§ **Exercise instructions**
When you reach the line containing "Carte topographique Godelleta, altitude, relief" in the records below, start copying exactly, and stop once you have copied the line containing "THINKTHENDO 10 шт.".

§ **Source data**
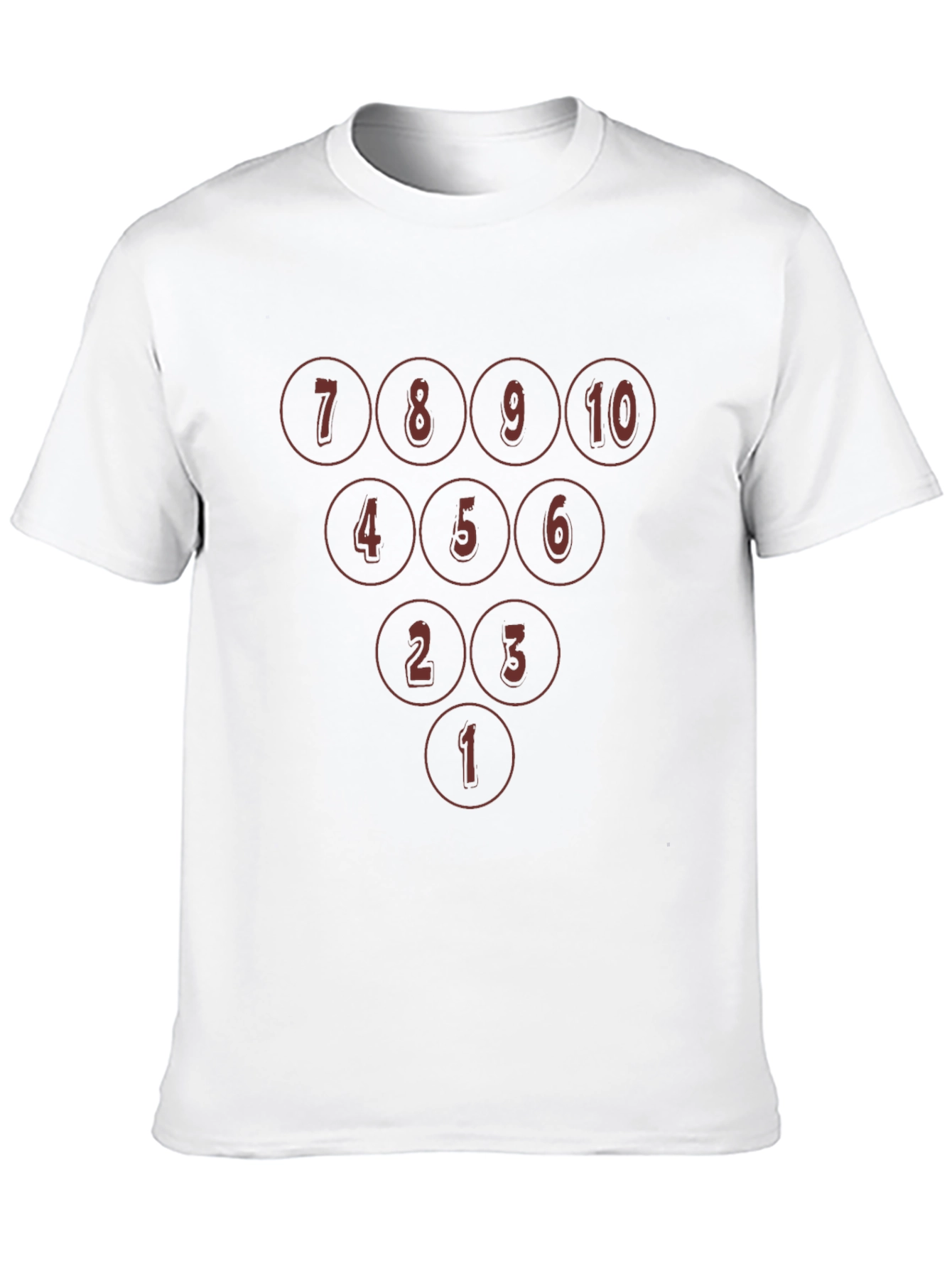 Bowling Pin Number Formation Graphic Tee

---

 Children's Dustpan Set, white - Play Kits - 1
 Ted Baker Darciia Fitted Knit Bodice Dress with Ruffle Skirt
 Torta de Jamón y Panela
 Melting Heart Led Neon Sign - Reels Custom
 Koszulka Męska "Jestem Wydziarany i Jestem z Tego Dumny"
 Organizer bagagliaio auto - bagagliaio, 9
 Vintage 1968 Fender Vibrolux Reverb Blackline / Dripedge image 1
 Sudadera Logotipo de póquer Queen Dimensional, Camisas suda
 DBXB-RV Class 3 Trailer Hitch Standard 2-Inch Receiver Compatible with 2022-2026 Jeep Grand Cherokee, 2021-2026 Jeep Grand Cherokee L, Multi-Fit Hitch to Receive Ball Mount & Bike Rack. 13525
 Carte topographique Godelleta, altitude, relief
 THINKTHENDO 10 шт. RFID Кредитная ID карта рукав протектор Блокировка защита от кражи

§ **Solution to this exercise**
 Carte topographique Godelleta, altitude, relief
 THINKTHENDO 10 шт. RFID Кредитная ID карта рукав протектор Блокировка защита от кражи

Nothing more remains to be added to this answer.